> Exercise goal
Return only the lines below starting at the line containing "アクティックコア PETZL" and ending at the line containing "Snuffle Truffles, Learn", both included, exactly as they are and with no pictures.

> Dataset entries
--- START ---
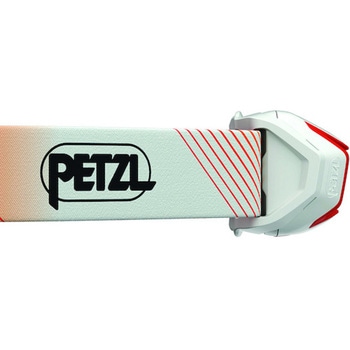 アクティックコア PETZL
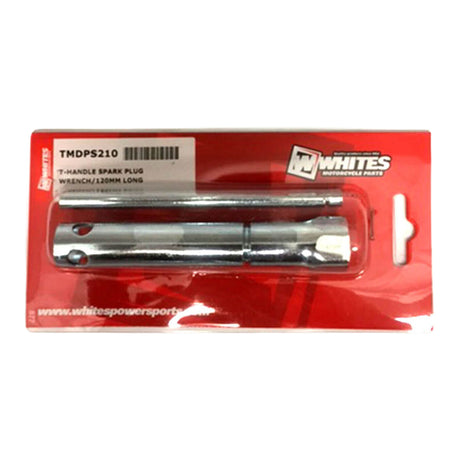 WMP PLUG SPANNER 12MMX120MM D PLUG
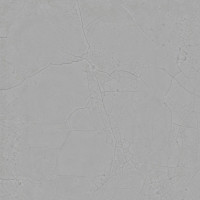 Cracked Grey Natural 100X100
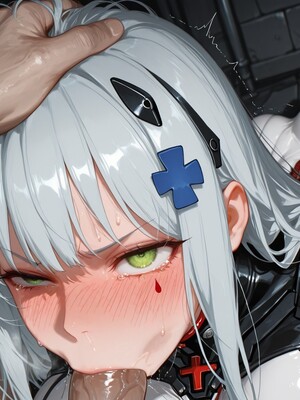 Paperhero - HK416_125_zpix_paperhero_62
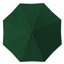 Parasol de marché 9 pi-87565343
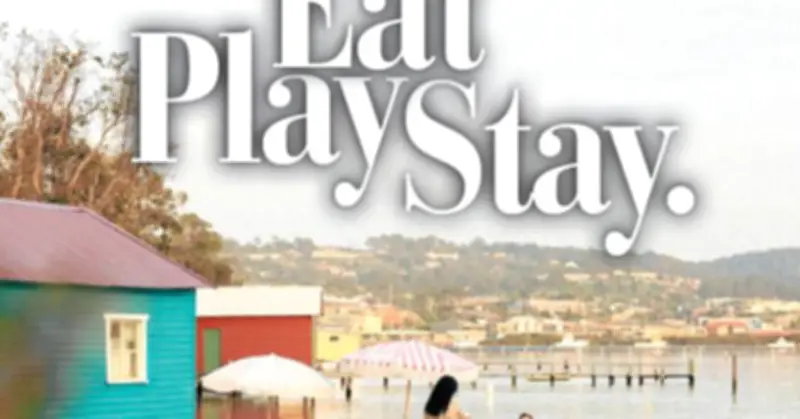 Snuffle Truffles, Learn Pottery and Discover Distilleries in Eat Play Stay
--- END ---
--- START ---
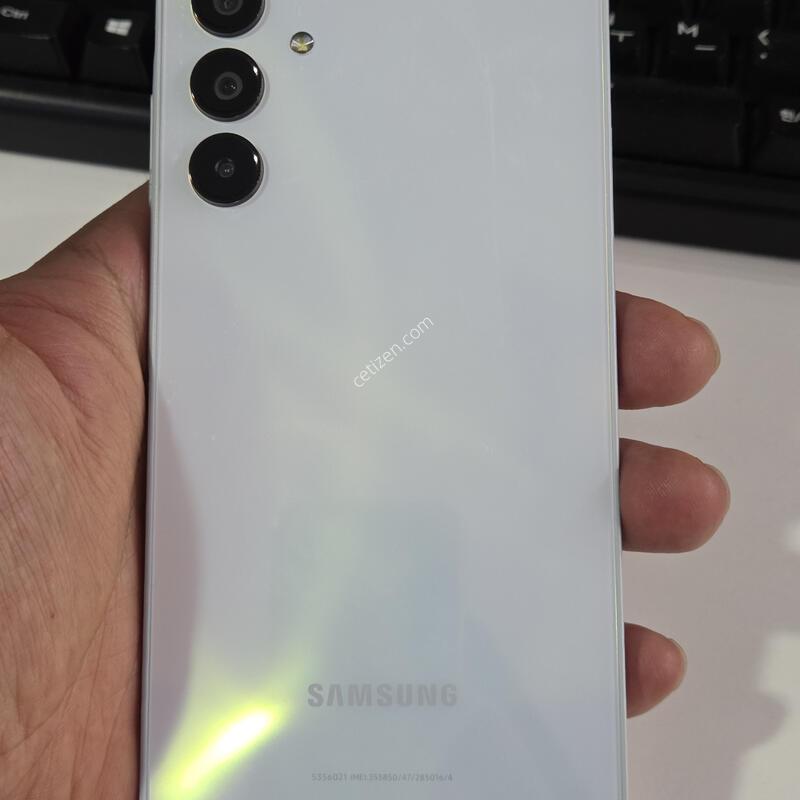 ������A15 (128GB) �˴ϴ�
--- END ---
> Result
 アクティックコア PETZL
 WMP PLUG SPANNER 12MMX120MM D PLUG
 Cracked Grey Natural 100X100
 Paperhero - HK416_125_zpix_paperhero_62
 Parasol de marché 9 pi-87565343
 Snuffle Truffles, Learn Pottery and Discover Distilleries in Eat Play Stay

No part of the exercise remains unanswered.